Competitive-inhibition enzyme linked immune-absorbent assay (ELISA). To optimize the reaction conditions of indirect competitive ELISA, such as determination of the optimal coating concentration of HuD and the best working concentration of monoclonal antibody. The HuD protein was fold diluted in phosphate-buffered saline (0.05 mol/l PBS, pH 9.6) to yield working solutions (20 ng/ml), anti-HuD was proportionally diluted, and HRP labeled goat anti-rabbit IgG was diluted 1:2,500. Square titration was performed for ELISA detection, according to OD₄₅₀ value equal to 1.0 was chosen as the ideal working concentration. The 96-well plates were coated with 20 ng/ml of HuD at 4°C overnight. After washing the plate three times with 300 μl of PBST (0.05% Tween 20), the plate was blocked with PBS/3% non-fat milk at 37°C for 1 h. Then different concentrations of HuD standard solution (marking standard curve) or the serum samples were mixed with the monoclonal antibody in each well. After incubation at 37°C for 1 h, the wells were washed with PBST (phosphate buffered saline with Tween) 3 times and then horseradish peroxidase-conjugated goat anti-rabbit secondary antibody (1:2,500) was added and reacted for 1h at room temperature. After washing 3 times with PBST, 100 μl of 3,3’,5,5’-tetramethylbenzidine (Tiangen, Beijing, China) was added and incubated at 37°C for 15 min. The reaction was stopped with Stop Solution (2M H₂SO₄). All samples were examined in triplicate. The OD₄₅₀ values were measured and the inhibition curves were plotted. Standard curve and ROC curve analysis. Purified HuD protein as standard sample was serially diluted 2-fold in PBS (from 100 ng/ml) to yield an eight-point standard curve. The highest concentration of HuD was 100 ng/ml, followed by 50, 12.5, 6.25, 3.125, 1.56, 0.78 and 0.39 ng/ml respectively. The standard samples were mixed with equal anti-HuD mAb. The logarithmic values of the dilution were calculated and plotted as on the horizontal axis. The values of B/B₀ were estimated and plotted as the vertical axis. The optical density at 450 nm of each fold dilution were regarded as B, and the optical density of the standards as B0. The absorbance was read at 450 nm for all test samples. All samples were tested in triplicate. The HuD concentration for test samples (all patients and normal controls) were extrapolated from a standard curve through Curve Expert 1.4. The concentration of HuD in serum was plotted for ROC curve.
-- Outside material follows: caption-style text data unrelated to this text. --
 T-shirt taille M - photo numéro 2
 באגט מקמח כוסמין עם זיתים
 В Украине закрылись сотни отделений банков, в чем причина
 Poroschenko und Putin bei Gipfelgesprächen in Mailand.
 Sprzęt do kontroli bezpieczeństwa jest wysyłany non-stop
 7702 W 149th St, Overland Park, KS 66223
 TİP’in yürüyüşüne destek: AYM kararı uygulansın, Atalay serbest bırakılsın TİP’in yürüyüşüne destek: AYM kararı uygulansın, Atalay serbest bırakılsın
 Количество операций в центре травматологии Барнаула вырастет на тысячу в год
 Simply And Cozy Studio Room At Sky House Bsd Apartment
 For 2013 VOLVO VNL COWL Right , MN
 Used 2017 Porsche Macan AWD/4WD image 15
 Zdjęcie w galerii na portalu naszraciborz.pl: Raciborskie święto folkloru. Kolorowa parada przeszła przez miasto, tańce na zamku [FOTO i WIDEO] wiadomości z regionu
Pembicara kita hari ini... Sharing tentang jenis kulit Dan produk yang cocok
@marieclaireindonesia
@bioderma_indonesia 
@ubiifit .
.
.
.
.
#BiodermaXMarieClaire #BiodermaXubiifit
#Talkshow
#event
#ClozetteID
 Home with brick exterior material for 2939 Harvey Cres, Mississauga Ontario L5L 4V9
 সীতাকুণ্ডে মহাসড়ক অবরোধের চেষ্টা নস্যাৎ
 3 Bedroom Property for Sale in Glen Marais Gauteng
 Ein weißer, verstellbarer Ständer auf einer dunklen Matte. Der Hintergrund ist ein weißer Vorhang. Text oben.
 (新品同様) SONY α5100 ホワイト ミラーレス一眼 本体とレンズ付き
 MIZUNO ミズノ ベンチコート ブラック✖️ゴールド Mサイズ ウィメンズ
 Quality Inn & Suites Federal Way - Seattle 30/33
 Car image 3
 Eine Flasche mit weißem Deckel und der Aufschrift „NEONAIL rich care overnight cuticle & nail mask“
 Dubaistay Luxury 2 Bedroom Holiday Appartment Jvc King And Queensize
Statistical analysis. Statistical analyses were carried out with SPSS 16.0. The cut-off values and the area under the curve were defined by ROC curve. Sensitivity and specificity values were obtained in SCLC patients. To compare the concentration of HuD between all patients and normal control groups independent sample T test was used. A p-value less than 0.05 was considered statistically significant. In addition, Pearson Chi-Square was used to compare the relationship between HuD level and existing biomarkers, including CEA, NSE and pro-GRP. A p-value less than 0.01 was considered statistically significant.